Generation M
By Mikhail Khodorkovsky
Many of my comrades consider that it is senseless to comment on President Dmitry Medvedev’s famous article “Russia, forward!”, and even more so to polemicize with it. According to this point of view, the publicly declared attempt by Medvedev to appeal to the intellectually and creatively active part of society is a farce and a bluff, and the head of state is merely playing the classic role of the “good cop” in a theatrical performance by the name of “The Russian Tandemocracy”. All this is being done so that one part of the population of the RF would continue to love Putin as before, while the other, which does not overlap with the first, would start to love Medvedev, or at the very least begin to believe him.
Well, who knows, maybe this is so. Or partially so. I have no evidence of the contrary. All the more so since the presidential article, with its so invocatory and ambitious a title, does contain some fragments that do not witness at all to a beginning (if we recall the “perestroikan” terminology) of “new political thinking”. For example, the author of “Russia, forward!” considers that the independence of the judiciary is manifested “in an autonomous understanding of what the state needs”. (Perhaps what he is talking about is that a judge should not “come to a full stop” in expectation of a telephone call from the Kremlin, but ought to be able to figure out on his own what kind of decision the bosses expect from him). Although, generally speaking, modern legal theory assumes that a court should be subordinate only to the law, not to the state. And all the more so not to the body of bureaucrats/favorites who have appropriated for themselves the exclusive right to be called that same “state” in today’s Russia.
That part of the presidential article which is devoted to substantiating the possibility of starting a modernization of Russia without a rejection of the authoritarian system is dispiriting. And the issue here is not only – and, perhaps, not even so much – that authoritarianism in its current Russian form does not meet many key humanitarian requirements customary for any country that wishes to consider itself modern and European. (If memory does not fail me, the Kremlin, whatever it may be doing to reduce the space for democracy, has never officially announced servilely that “we are Asia”. It has always spoken of Europe, even if it was the “Other Europe”). But rather, [the issue is] that the infamous “vertical of power” is spectacularly inefficient. And we already see this on the example of
how the existing bureaucratic machine is working – or, more precisely, not working – in recent years. Such a big, complex and heterogeneous space as Russia cannot be run with the help of archaic mechanisms, which are incapable of attaining planned results even within the confines of the Garden Ring. All the more so – in conditions of perhaps not a managed crisis, but a crisis nevertheless, which modernization always is.

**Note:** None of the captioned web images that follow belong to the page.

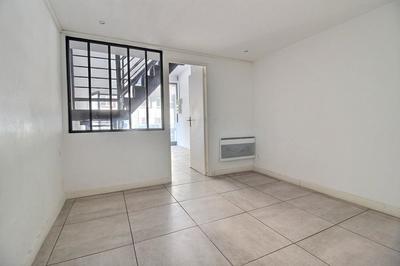 Appartement - 55 m² - 4 pièces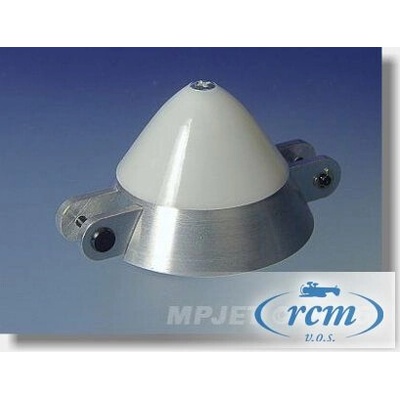 MP Jet 4749 Kužel vrtule kompl. D40 rozteč 45; 12x8; dr.6; čep 2;klešt.3,2 – Zboží Mobilmania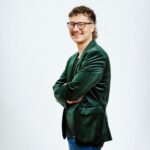 Gherdì Glaser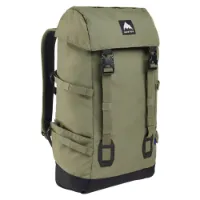 Burton Tinder 2.0 Rucksack Burton Tinder 2.0 Rucksack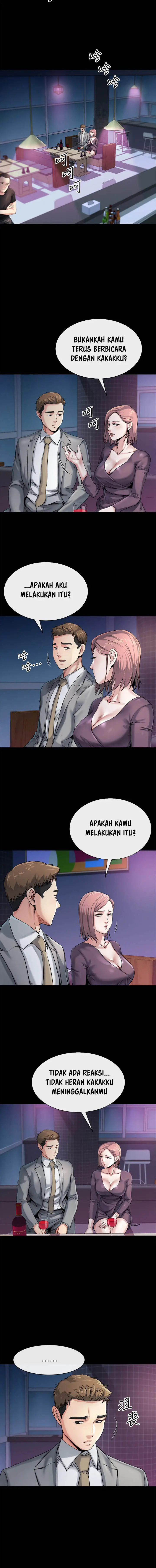 image-komik-cheer-up-brother-in-law-chapter-11-4/14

Not being overly full of illusions, I nevertheless consider it worthwhile to enter into a discussion on the proposed question, all the more so because some fragments and passages of the article “Russia, forward!” suit me perfectly well; for example, the unambiguous admission that no modernization can justify huge human sacrifices brought to its altar (examples – Peter the Great, Stalin); the sufficiently true affirmation of the contemporary state of the Russian economy; the direct declaration that corrupt officials and the businessmen who corrupt them will be against modernization, since the parasitic “pipe economy” completely suits them.
It goes without saying that I do not lay claim to preparing my own version of a future presidential missive. That is why for now I would consider it correct to put before Dmitry Medvedev only one question, which seems important to me: If a political decision about modernization in today’s Russia is going to be adopted, then just who is going to implement this modernization?

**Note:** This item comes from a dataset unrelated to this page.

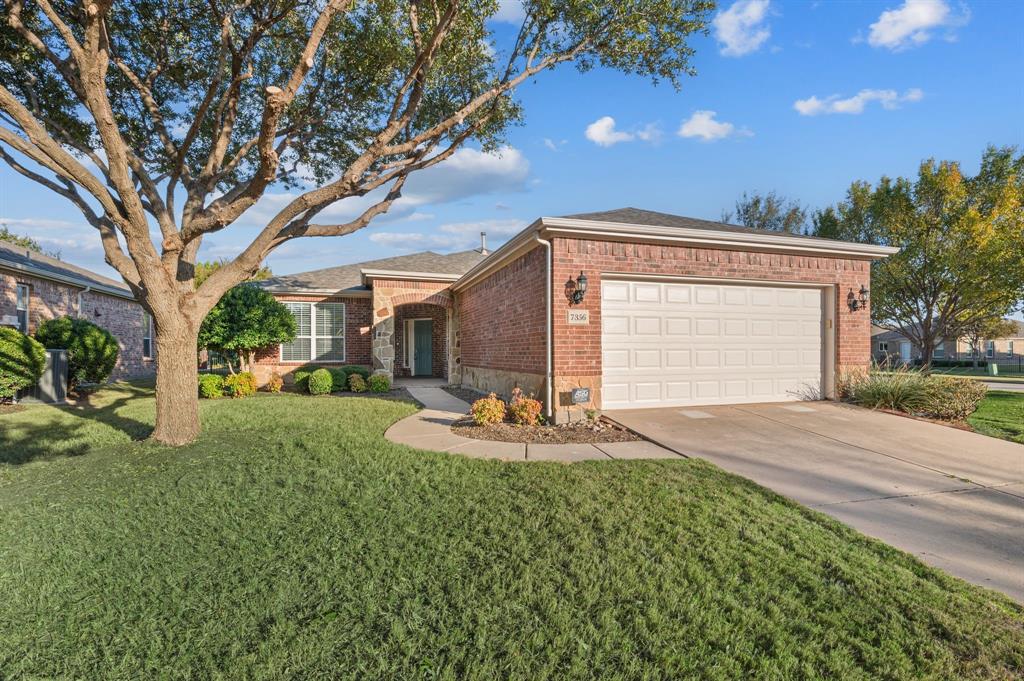 7356 Pasatiempo Drive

The corrupt part of the bureaucracy and the business-groups adjoining it – it is already understandable that no [, it will not be they]. This Medvedev has admitted.
The siloviki elite – also not. It is meant to guard, but not to create. All attempts at combining these incompatible tasks did not go to the benefit of either the function of guarding or the function of creation.
It is absolutely comprehensible – a leader alone, even the strongest one, can not engage in modernization if he does not have someone to rely one. Single individuals cannot implement modernization. This business is beyond the strength of the hundreds and perhaps even thousands of its allies from the bureaucratic camp.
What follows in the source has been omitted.